Once ingested, you can dynamically route queries to specialized MCP servers or agent logic using run_agent(). The router automatically discovers the best server to satisfy the task.

from agent_utilities.orchestration.agent_runner import run_agent

async def dynamic_execution():
    engine = IntelligenceGraphEngine.get_active()

    # The router discovers that 'repository-manager' provides 'rm_workspace'
    result = await run_agent(
        agent_name="repository-manager-mcp",
        task="Can you use the rm_workspace tool to list the available actions for the workspace?",
        max_steps=5,
        engine=engine
    )
    print(result)

6. Compiling Workflows from Natural Language

The WorkflowCompiler (CONCEPT:ORCH-1.23) parses natural language descriptions into executable GraphPlan DAGs.
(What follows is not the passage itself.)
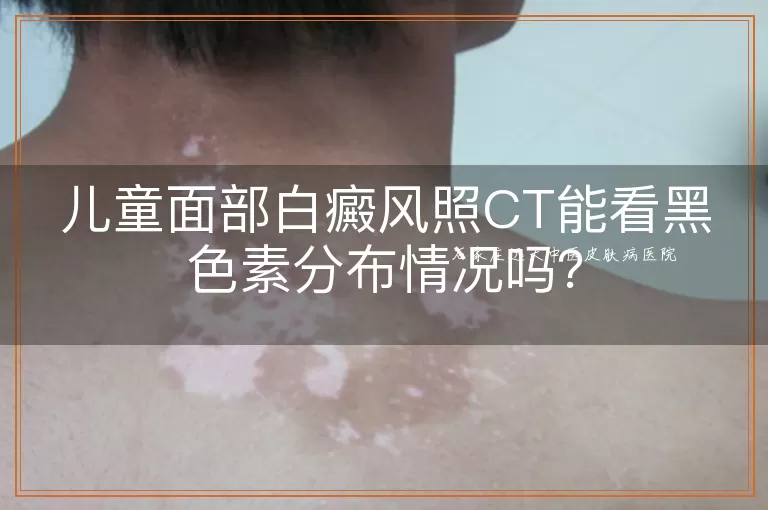 儿童面部白癜风照CT能看黑色素分布情况吗？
from agent_utilities.knowledge_graph.workflow_compiler import WorkflowCompiler

compiler = WorkflowCompiler(engine)

# Compile from NL
plan = await compiler.compile(
    "Search for recent AI papers, then summarize the top 3, "
    "and finally create a presentation with the findings."
)

# Compile and persist in one call
workflow_id = await compiler.compile_and_store(
    name="research_to_presentation",
    description="Search papers → summarize → present",
)

# Find and replay a stored workflow by semantic similarity
plan = compiler.find_and_load("summarize papers")
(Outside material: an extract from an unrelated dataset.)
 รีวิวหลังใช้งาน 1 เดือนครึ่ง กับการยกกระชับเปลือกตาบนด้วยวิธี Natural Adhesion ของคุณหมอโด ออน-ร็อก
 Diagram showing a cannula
7. Available Workflow Scenarios

The built-in catalog includes these predefined workflows:

Name Domain Steps Description
container_health_check infrastructure 4 Full Docker infrastructure health assessment
system_observability_sweep infrastructure 3 System metrics + Langfuse health
tunnel_and_network_audit infrastructure 3 SSH tunnels + network interface audit
research_discovery_pipeline research 3 Paper search → categories → details
ai_research_survey research 3 Multi-source AI paper survey
workspace_inventory development 2 Workspace discovery and listing
workspace_health_check development 3 Workspace + system health combo
full_ecosystem_health operations 4 End-to-end canary across all systems
capability_discovery meta 3 Tool introspection across MCP servers
observability_and_research research 3 Langfuse health + observability papers

8. Specific Server Example Tasks

Here are practical execution prompts that map to the standard MCP suite.

Container Manager MCP

Task: "Can you list all docker images, list all running containers, get the logs for one of the running containers, show the volumes, and show the networks using your tools?"

ScholarX MCP

Task: "Can you use the sx_info tool to list the categories?"

Tunnel Manager MCP

Task: "Can you list the active tunnels from the inventory using your tools?"

Audio Transcriber MCP

Task: "Can you describe the capabilities of the transcribe_audio tool?"

Systems Manager MCP

Task: "Can you get the system memory and CPU stats?"

Data Science MCP

Task: "Can you describe the iris dataset using the describe_dataset tool?"

Langfuse MCP

Task: "Can you check the langfuse health endpoint or list current projects/datasets using your tools?"